Other api/scraper

Table Of Contents

Previous topic

NonDbi

Next topic

DybTest

This Page

Daya Bay Links

Content Skeleton

Scraper

In addition to this API reference documentation, see the introductory documentation at Scraping source databases into offline_db

Scraper

Generic Scraping Introduction at Scraping source databases into offline_db

Table specific scraper module examples

Scraper.pmthv

PMT HV scraping specialization

Scraper.pmthv.PmtHv

class Scraper.pmthv.PmtHv(*args, **kwa)[source]

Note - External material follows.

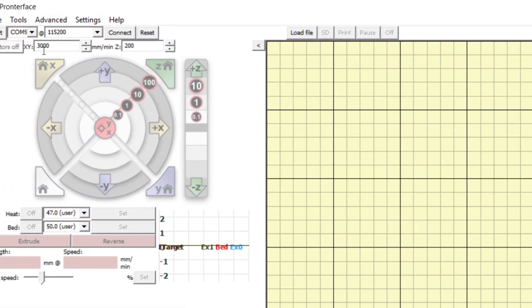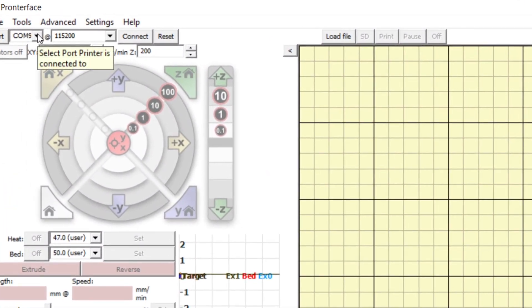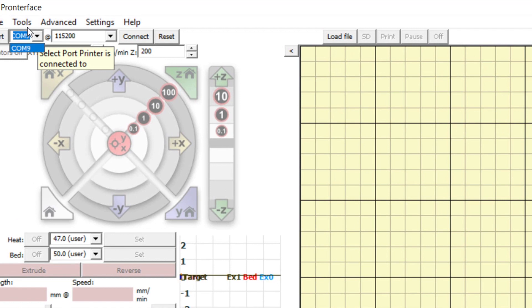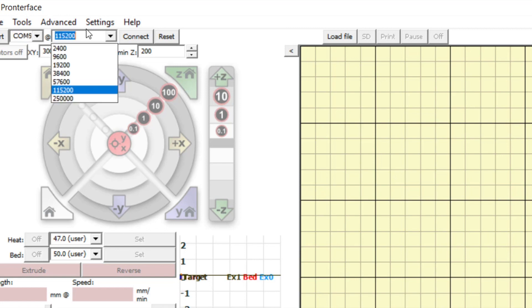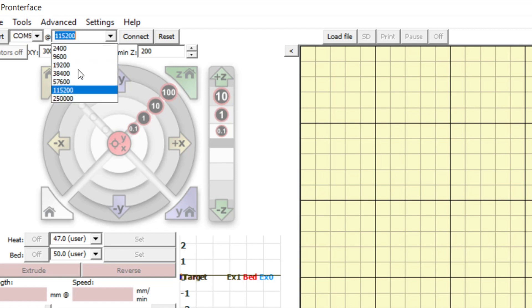First make sure that your bioprinter is connected to your computer with the USB cable. Then in the drop down menu next to port, choose the proper port, and make sure that the drop down menu next to that is set to 115200.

Bases: Scraper.base.regime.Regime

Regime frontend class with simple prescribed interface, takes the cfg argument into this dict and no args in call. This allows the frontend to be entirely generic.

Scraper.pmthv.PmtHvSource

class Scraper.pmthv.PmtHvSource(srcdb)[source]

Bases: list

Parameters:srcdb – source DB instance of Scraper.base.DCS

List of source SA classes that map tables/joins in srcdb Accommodates a table naming irregularity HVPw rather than HV_Pw

Scraper.pmthv.PmtHvScraper

class Scraper.pmthv.PmtHvScraper(srcs, target, cfg)[source]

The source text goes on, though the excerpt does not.